==== Extracted information

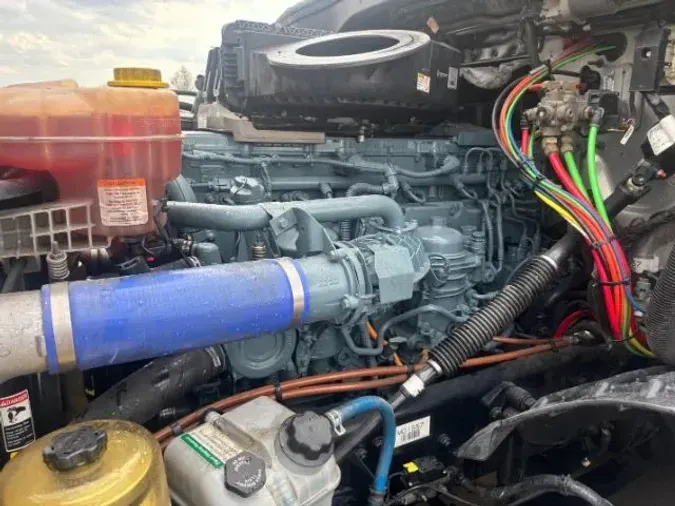 2020 Freightliner New Cascadia 126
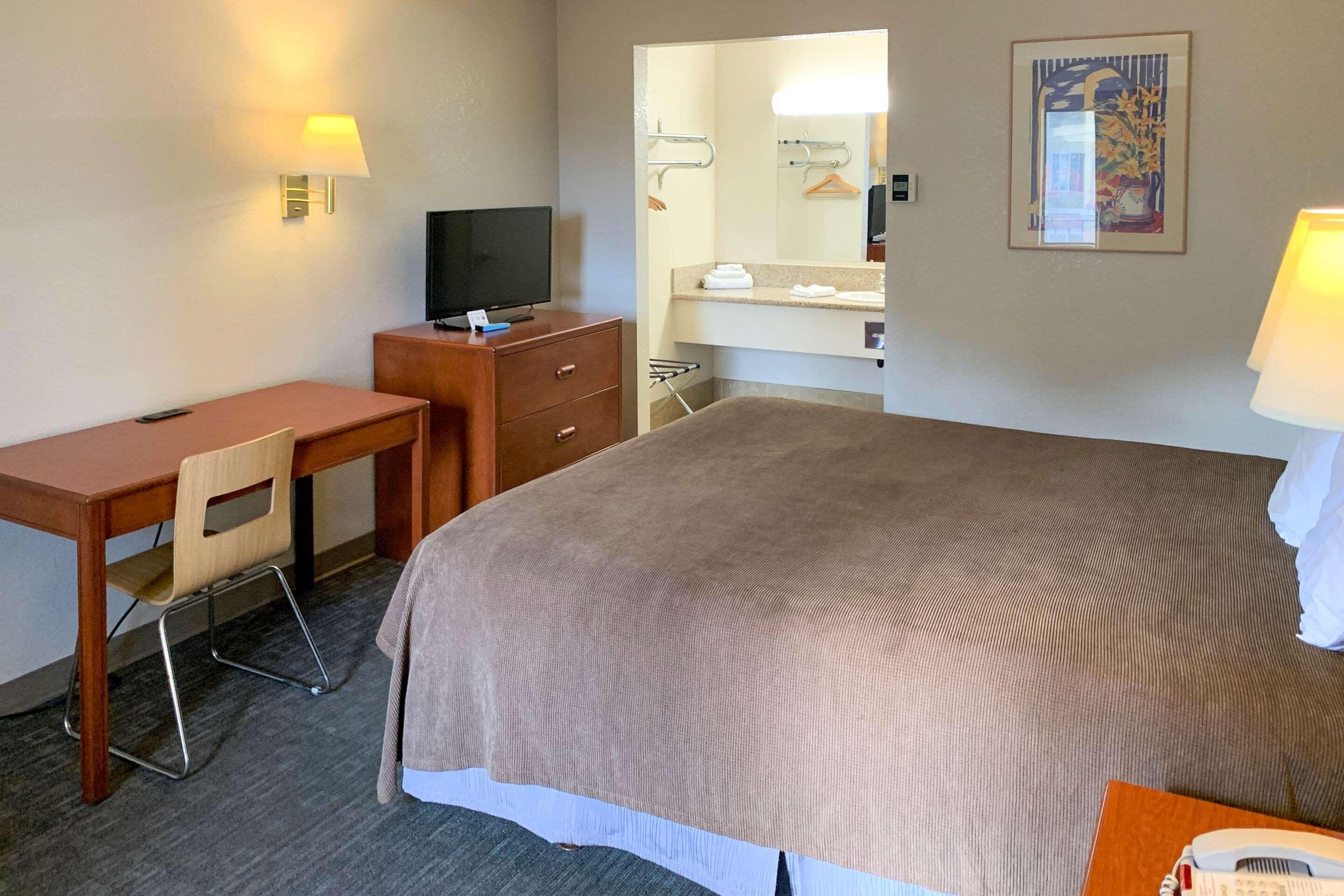 Rodeway Inn Sacramento-University Area Экстерьер фото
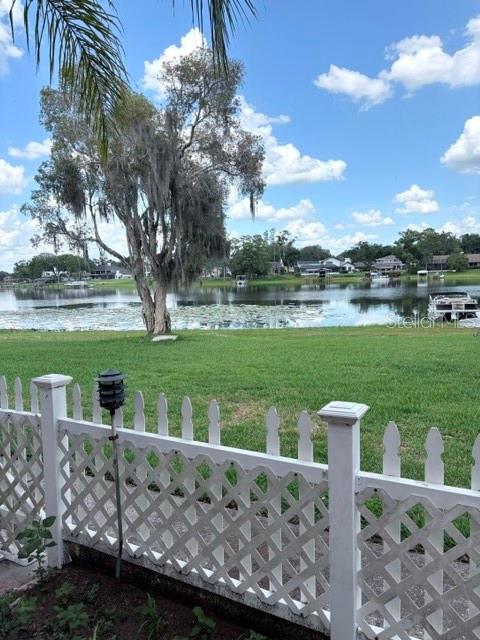 WHISPERING OAKS - Residential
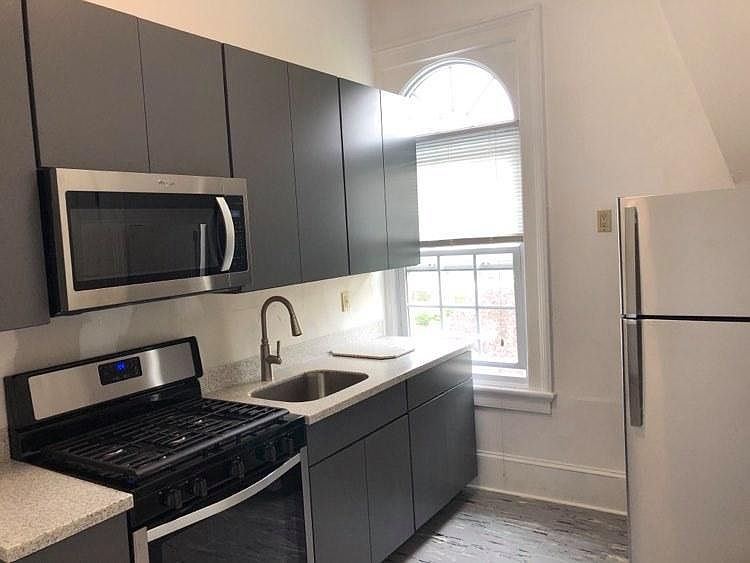 1st image of 35 Hudson Ter APT 3S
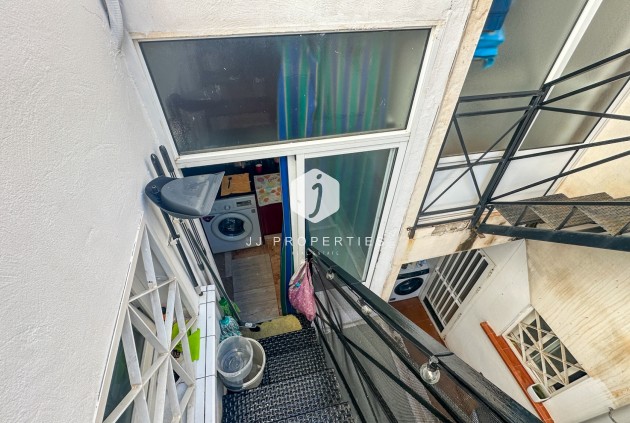 Resale - Apartment / flat -
Torrevieja - Costa Blanca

========

● Problem description: Provide an exact copy of the records, excluding every picture.

● Answer space:
 2020 Freightliner New Cascadia 126
 Rodeway Inn Sacramento-University Area Экстерьер фото
 WHISPERING OAKS - Residential
 1st image of 35 Hudson Ter APT 3S
 Resale - Apartment / flat -
Torrevieja - Costa Blanca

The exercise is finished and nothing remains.